[Information provided Boundary: Start]
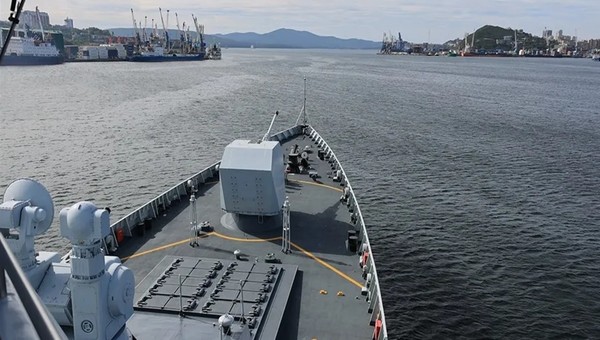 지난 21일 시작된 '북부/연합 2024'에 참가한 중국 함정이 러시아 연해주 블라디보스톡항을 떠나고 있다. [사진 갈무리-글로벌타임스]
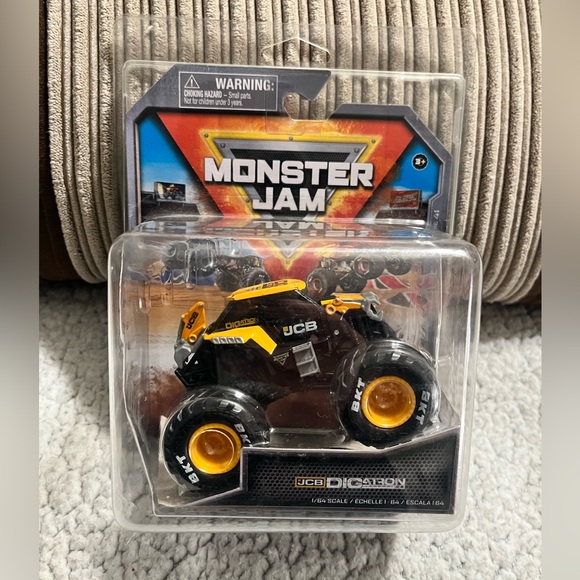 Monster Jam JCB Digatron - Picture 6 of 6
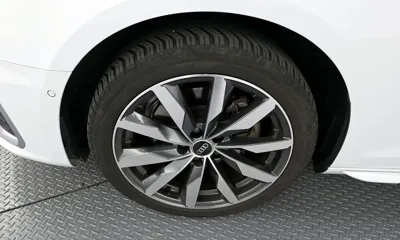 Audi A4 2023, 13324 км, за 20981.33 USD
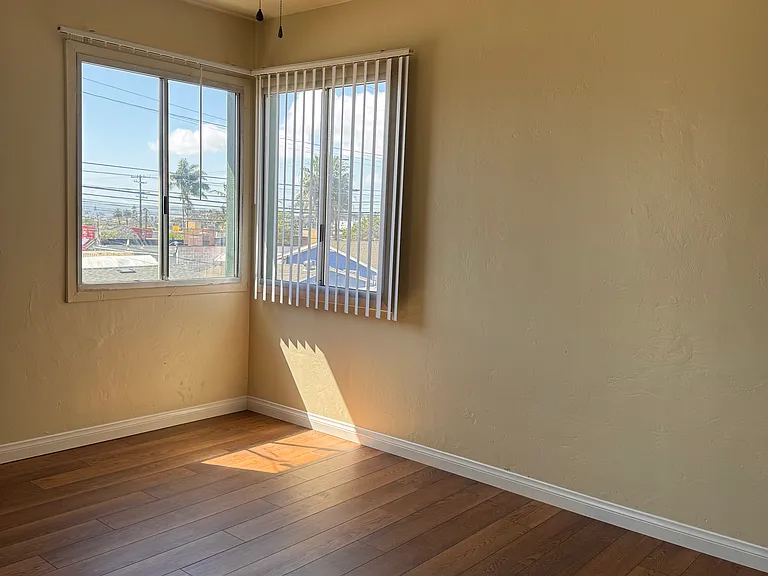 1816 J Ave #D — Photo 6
[Information provided Boundary: End]
[Information provided Boundary: Start]
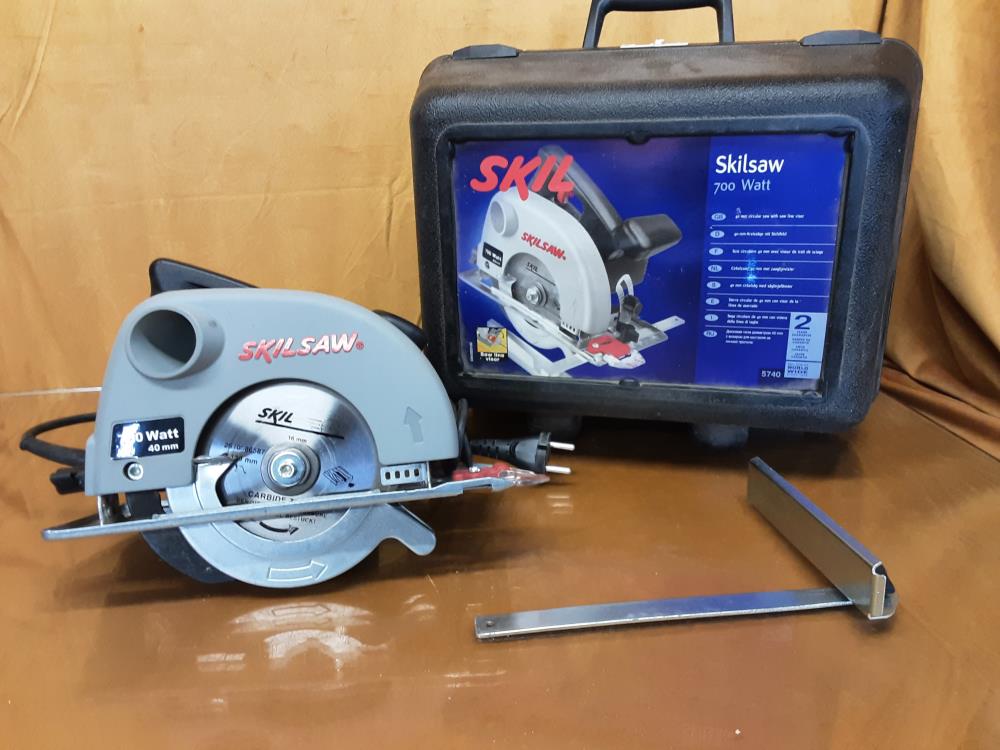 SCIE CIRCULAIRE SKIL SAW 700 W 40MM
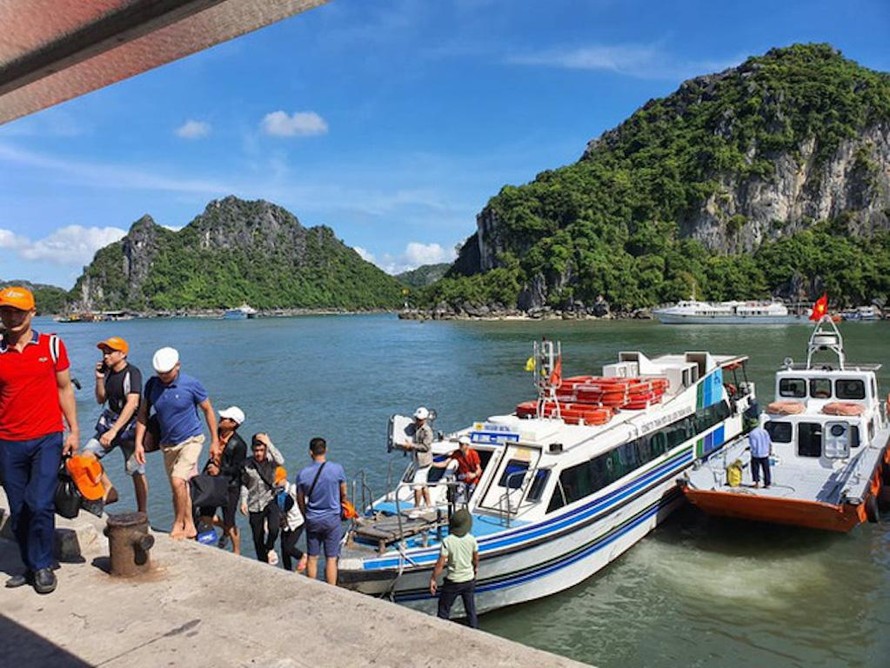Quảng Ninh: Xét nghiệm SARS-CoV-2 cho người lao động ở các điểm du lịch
[Information provided Boundary: End]
(What to produce): The answer is those lines of the material above that run from the one containing "지난 21일 시작된 '북부/연합" up to and including the one containing "1816 J Ave #D — Photo 6", restated exactly and without images.

(Your solution):
 지난 21일 시작된 '북부/연합 2024'에 참가한 중국 함정이 러시아 연해주 블라디보스톡항을 떠나고 있다. [사진 갈무리-글로벌타임스]
 Monster Jam JCB Digatron - Picture 6 of 6
 Audi A4 2023, 13324 км, за 20981.33 USD
 1816 J Ave #D — Photo 6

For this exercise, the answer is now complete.